Assist with dict comprehension

Question

I am trying to write a dictionary comprehension.

I have a dictionary like this one:

main_dict = {
    'A' : {'key1' : 'valueA1', 'key2' : 'valueA2'},
    'B' : {'key2' : 'valueB2', 'key3' : 'valueB3'},
    'C' : {'key3' : 'valueC3', 'key1' : 'valueC1'}}

I want to perform the following logic:

d = {}
for k_outer, v_outer in main_dict.items():
    for k_inner, v_inner in v_outer.items():
        if k_inner in d.keys():
            d[k_inner].append([k_outer, v_inner])
        else:
            d[k_inner] = [[k_outer, v_inner]]

Which yields the following result:

{'key3': [['C', 'valueC3'], ['B', 'valueB3']], 
 'key2': [['A', 'valueA2'], ['B', 'valueB2']], 
 'key1': [['A', 'valueA1'], ['C', 'valueC1']]}

(I know I could use defaultdict(list) but this is just an example)

I want to perform the logic using a dict-comprehension, so far I have the following:

d = {k : [m, v] for m, x in main_dict.items() for k, v in x.items()}

This does not work, it only gives me the following output:

{'key3' : ['B', 'valueB3'],
'key2' : ['B', 'valueB2'],
'key1' : ['C', 'valueC1']}

Which is the last instance found for each inner_key...

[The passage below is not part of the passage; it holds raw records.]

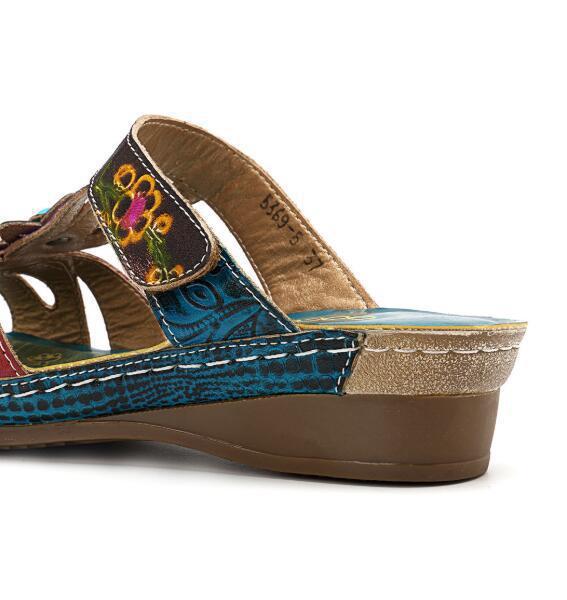 Hayley – Hakken Slippers met Etnische Bloemen voor Dames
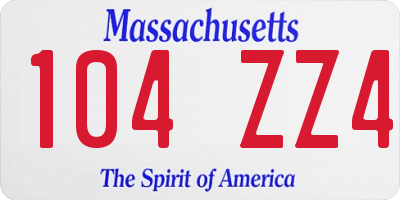 MA license plate 104ZZ4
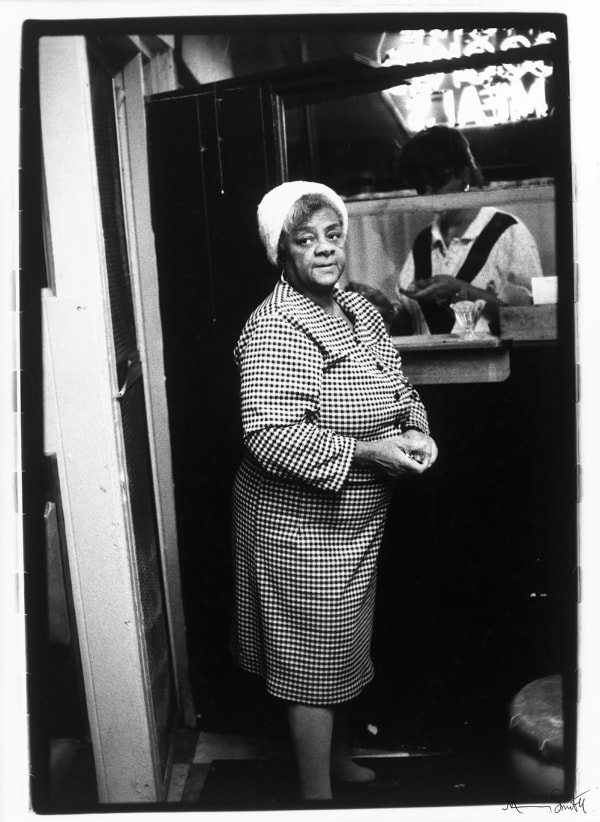 Ming Smith, Checkered Dress Lady Waiting for Order, Pittsburgh, PA, (August Moon Series), 1991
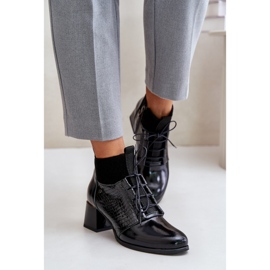 Zazoo 60503 nahkaiset korkokengät, lämpimät, mustat 2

I am at a loss of how to perform this nested list-comprehension correctly. I have tried multiple variations, all worse than the last.

Answer 1

in the end, this is what i used:

from collections import defaultdict

d = defaultdict(list)
for m, x in main_dict.items():
    for k, v in x.items():
        d[k].append((m, v))

Answer 2

You can try something like this:

In [61]: main_dict
Out[61]: 
{'A': {'key1': 'valueA1', 'key2': 'valueA2'},
 'B': {'key2': 'valueB2', 'key3': 'valueB3'},
 'C': {'key1': 'valueC1', 'key3': 'valueC3'}}

In [62]: keys=set(chain(*[x for x in main_dict.values()]))

In [64]: keys
Out[64]: set(['key3', 'key2', 'key1'])

In [63]: {x:[[y,main_dict[y][x]] for y in main_dict if x in main_dict[y]] for x in keys}
Out[63]: 
{'key1': [['A', 'valueA1'], ['C', 'valueC1']],
 'key2': [['A', 'valueA2'], ['B', 'valueB2']],
 'key3': [['C', 'valueC3'], ['B', 'valueB3']]}

A more readable solution using dict.setdefault:

In [81]: d={}

In [82]: for x in keys:
    for y in main_dict:
       if x in main_dict[y]:
           d.setdefault(x,[]).append([y,main_dict[y][x]])
   ....:            

In [83]: d
Out[83]: 
{'key1': [['A', 'valueA1'], ['C', 'valueC1']],
 'key2': [['A', 'valueA2'], ['B', 'valueB2']],
 'key3': [['C', 'valueC3'], ['B', 'valueB3']]}

Answer 3

Using three dictionary comprehensions to achieve such task, the third dict-comprehension is to combine the first two dicts:

e = {k : [m, v] for m, x in main_dict.items() for k, v in x.items()}
f = {k : [m, v] for m, x in main_dict.items() for k, v in x.items() if [m,v] not in e.values()}
g = {k1 : [m, v] for k1,m in e.items() for k2,v in f.items() if k1==k2}

Answer 4

One option is to use itertools.groupby

from itertools import groupby
from operator import itemgetter

main_dict = {
    'A' : {'key1' : 'valueA1', 'key2' : 'valueA2'},
    'B' : {'key2' : 'valueB2', 'key3' : 'valueB3'},
    'C' : {'key3' : 'valueC3', 'key1' : 'valueC1'}}

## Pull inner key, outer key and value and sort by key (prior to grouping)
x = sorted([(k2, [k1, v2]) for k1, v1 in main_dict.items() for k2, v2, in v1.items()])

## Group by key. This creates an itertools.groupby object that can be iterated
## to get key and value iterables
xx = groupby(x, key=itemgetter(0))

for k, g in xx:
    print('{0} : {1}'.format(k, [r[1] for r in list(g)]))

Depending on your data and performance requirements, sorting may not be ideal so it's worth profiling.

Further, it does not result in a dict as specified, but a groupby object. That might be 'dict-like' enough for your needs; Iterating it yields key and iterables.